The film is at its best here, deftly utilizing everything from mime to playing with language translation between the characters to unsettle. In fact, the most frightening moment in the whole movie is probably when the entity forgets to pretend to not speak Spanish and reveals itself as something demonic. It’s incredibly subtle, but it is the sort of moment that stays in your head the way a jump scare never could.

It’s not an easy film to follow, but at only 70 minutes it’s hard to get fully lost between the shifting timelines and characters who often appear as others or as hallucinations. The themes of trauma living on and bumbling or actively hostile authority helping it do so are strong enough to survive momentary confusion. The acting especially carries Luz through rough parts, and the music is one of the best horror soundtracks of the last two decades.

There’s little conventional about Luz. What blood and gore that is present is more frightening because of its minimalism, like looking into a toilet bowl and seeing a few drops of carmine.
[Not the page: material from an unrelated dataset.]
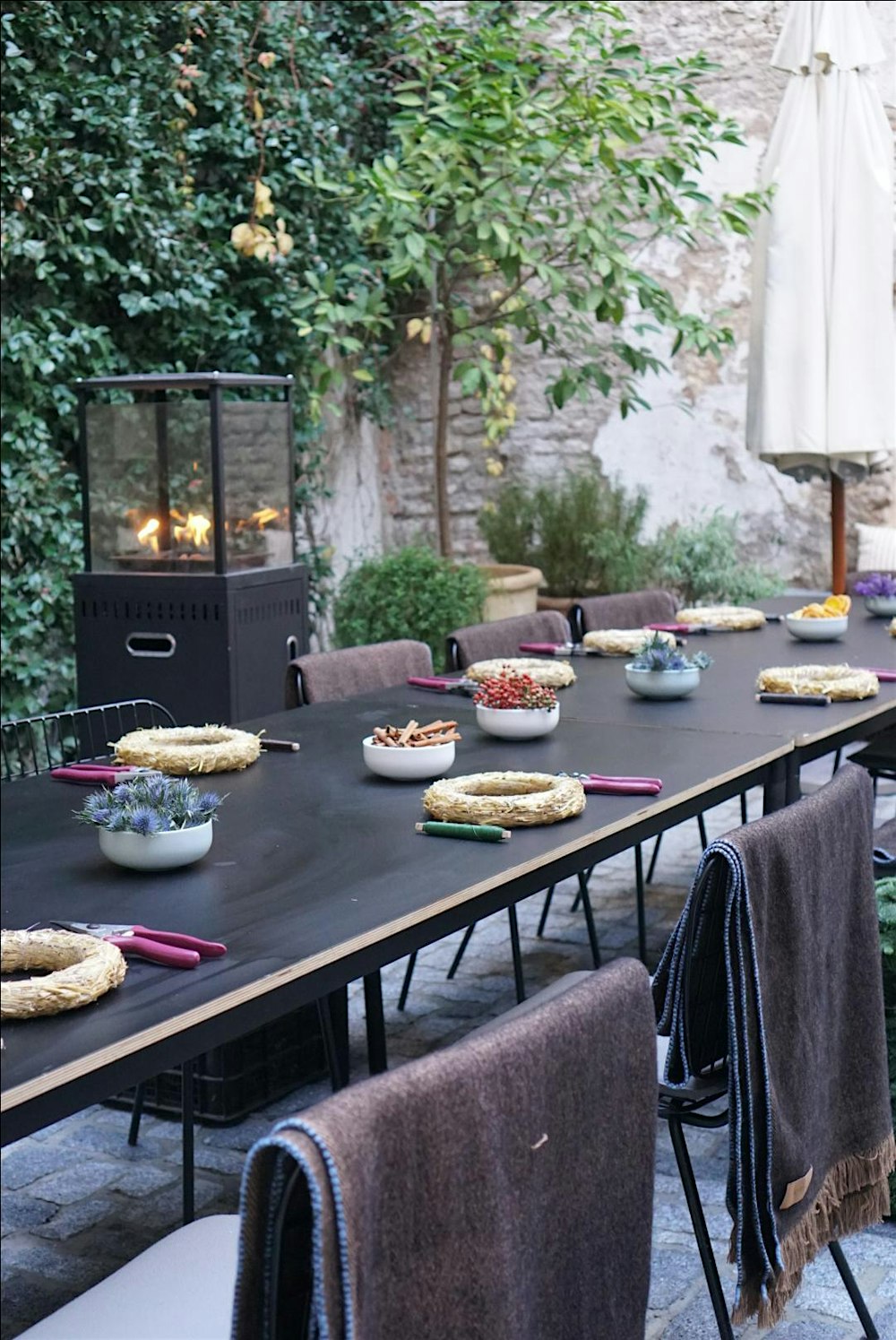 Taller de coronas navideñas con Orangerie en Plácido y Grata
There’s some Catholic-baiting – an oddly prevalent trend in recent horror – but even that is more stand-in for institutional abuse that proper demonology. The entity never gets a name and we never learn its purpose other than to move from place to place. Maybe it’s running away from something as Luz is. You’d have to think long about the movie to decide that, and I highly recommend doing so.

Luz runs at Alamo Drafthouse La Centerra (2707 Commercial Center) through August 1. German/Spanish with English subtitles.